In Texas, on April 15, 2015, Texas House Rep. Scott Sanford (R-McKinney) defended a bill that would allow faith-based child placement agencies in Texas to continue to place children in a way that did not violate their religious beliefs. Sanford stated: “Faith-based organizations have played a vital role in serving our nation’s orphans and needy children since America’s founding, and this legislation protects their operations.” Sanford also noted that if these faith-based agencies are not protected and cease to operate, more demand is placed on government in it role of providing for and protecting children without homes.
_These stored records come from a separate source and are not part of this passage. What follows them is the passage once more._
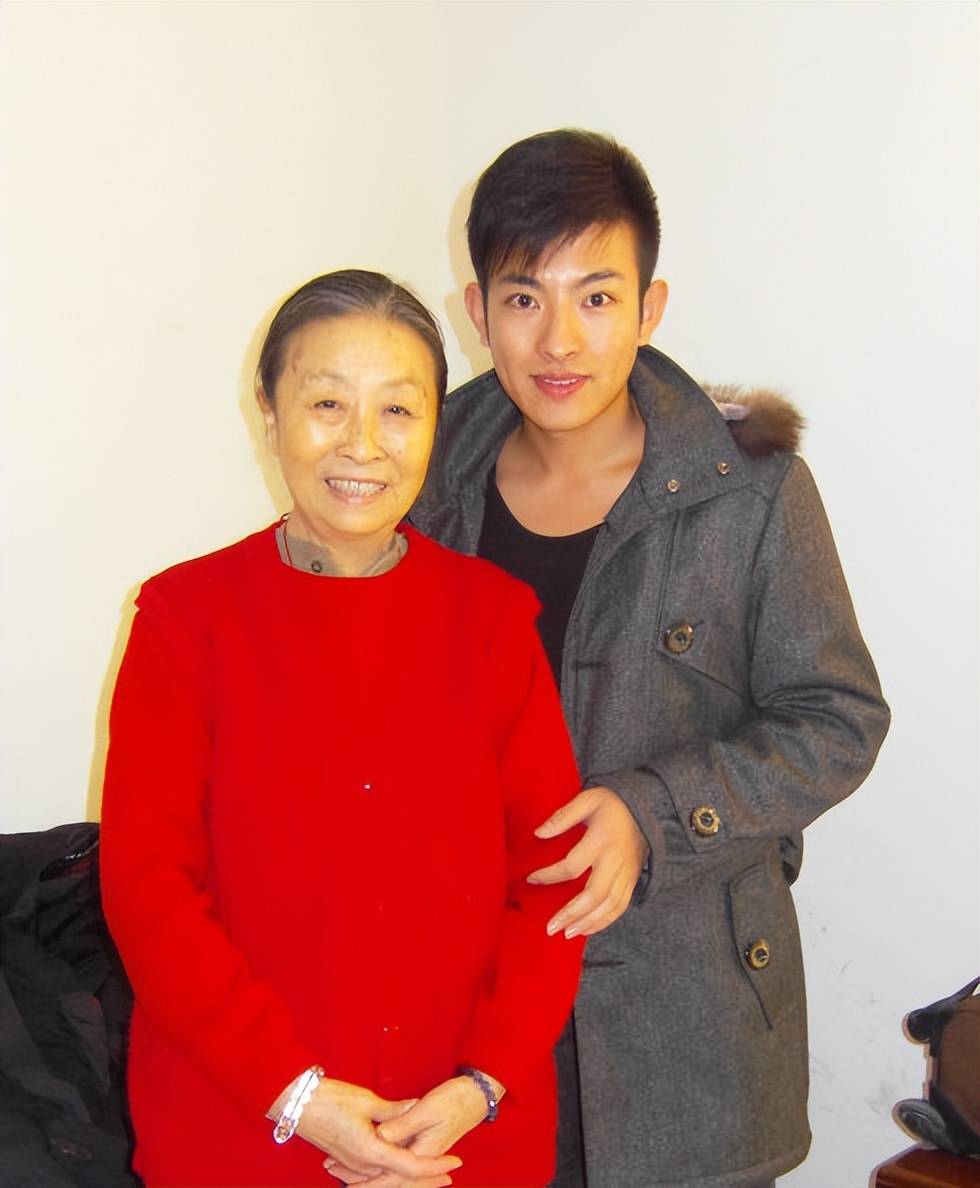 张慧宝_母亲_家庭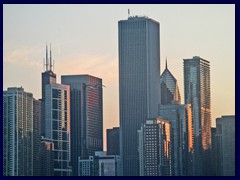 Chicago at sunset - Navy Pier 07 - Aon Center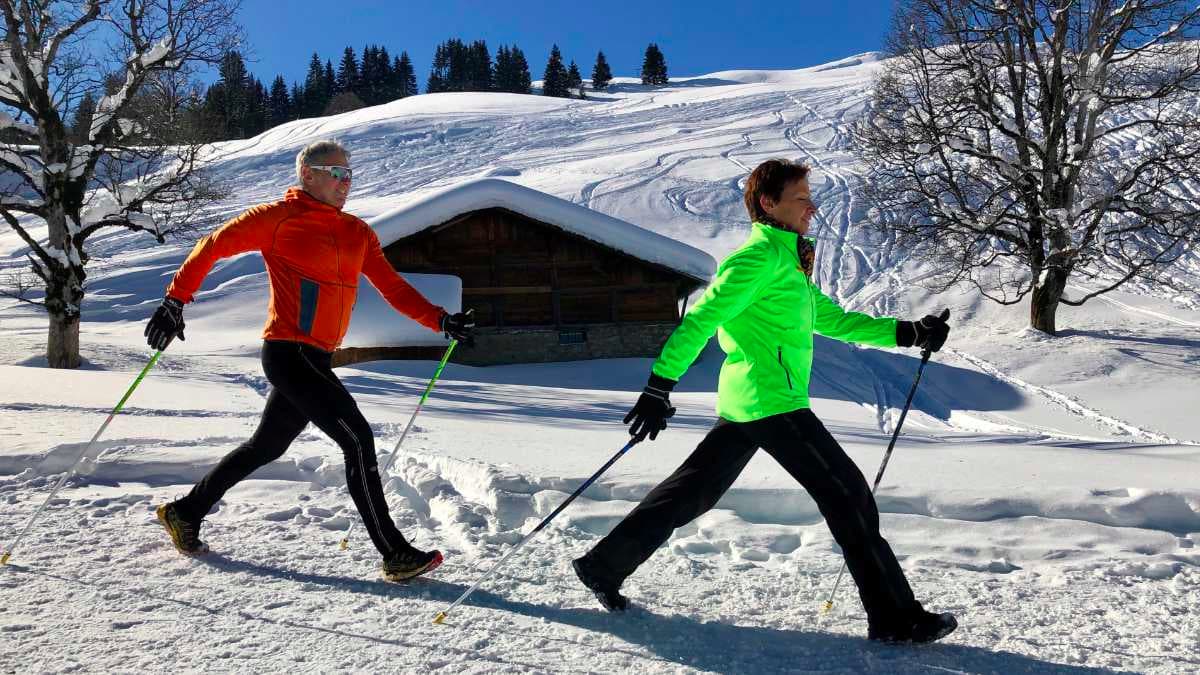 Comment pratiquer la marche nordique dans la neige …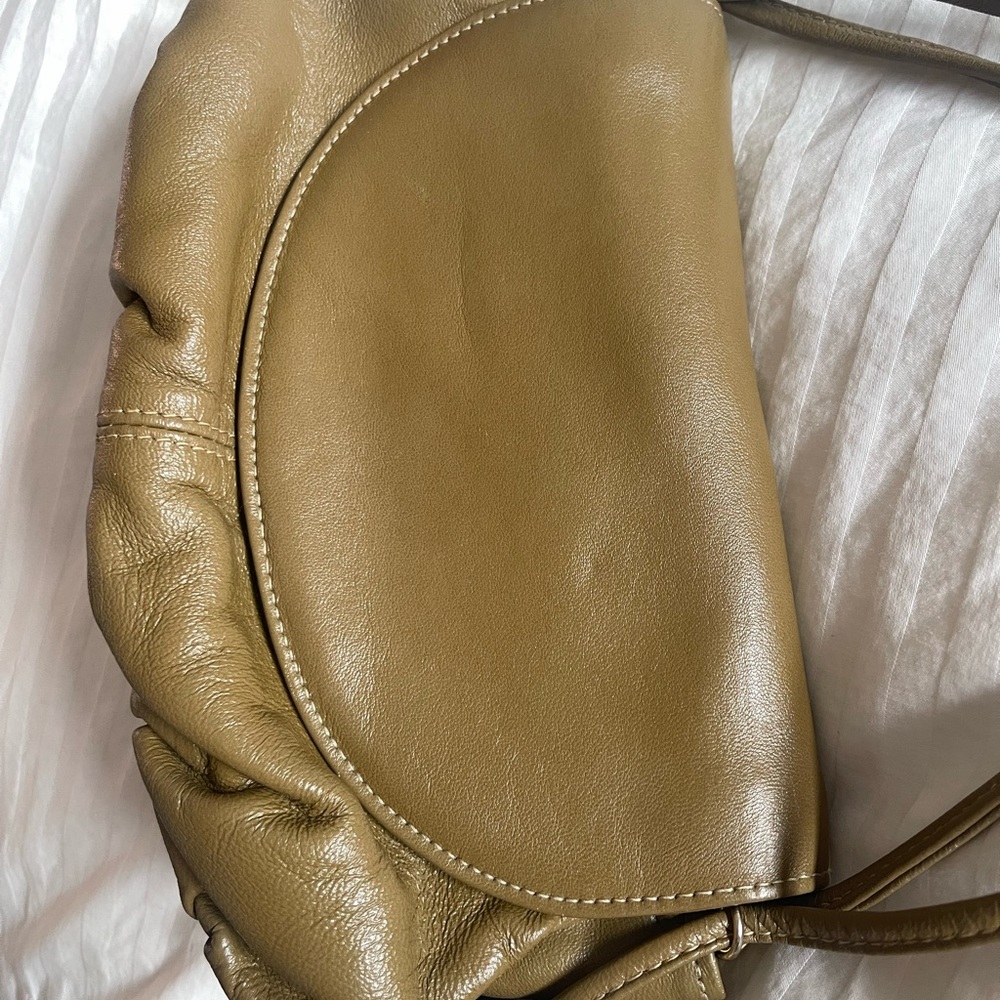 Tan Butter Soft Leather Shoulder Bag - Picture 13 of 17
The Texas bill, currently called HOME (“Hope for Orphans and Minors Expansion Act”) would ban the Texas government from taking “adverse action” against child placement organizations that receive government money and operate based on “sincerely held religious beliefs.” The HOME Act would also allow faith-based agencies receiving taxpayer funds to continue to provide education to children reflecting the religious beliefs of the agency, and to deny children access to abortions or contraceptives. Religious child welfare providers, currently making up the majority of child placement organizations in the state, are an indispensable partner for the Texas state government.

To some, bills such as these are simply outdated efforts to protect bigotry and to favor religious agencies. But is that a fair and accurate evaluation? Note that religious adoption and foster-care nonprofits are just one type of institution playing a role in a complex system designed to support families of all types and provide the best options for diverse children.

Faith-based child placement agencies, whose very religious convictions propel them to “look after the widows and orphans in their distress” (James 1:27), are also called by those convictions to evaluate families and place children following certain principles and values. When these faith-based agencies follow their convictions, they do not in any way undermine the ability of secular organizations to follow their own convictions as they offer their own services. Nor does the conviction of some faith-based agencies that they should work only with mother-father families make it impossible for other faith-based agencies to reach out to and serve same-sex couples.

The goal of these bills is not to drive other agencies out of business nor to impose one model of adoption on everyone, but simply to maintain space for a diversity of views, including for faith-based agencies to remain true to their convictions, even when those convictions diverge from the popular view that all family types are essentially equivalent. Sometimes called “principled pluralism,” this is the idea that our government should support diverse organizational practices as part of its obligation to respect the diverse religious convictions of the citizens. The Psalmist calls out to God to “do justice to the fatherless and the oppressed” (10:18). Government policy and private agencies are means to that end-and to accomplish it in our society with its diverse views requires bills like those being considered in Michigan, Florida, and Texas.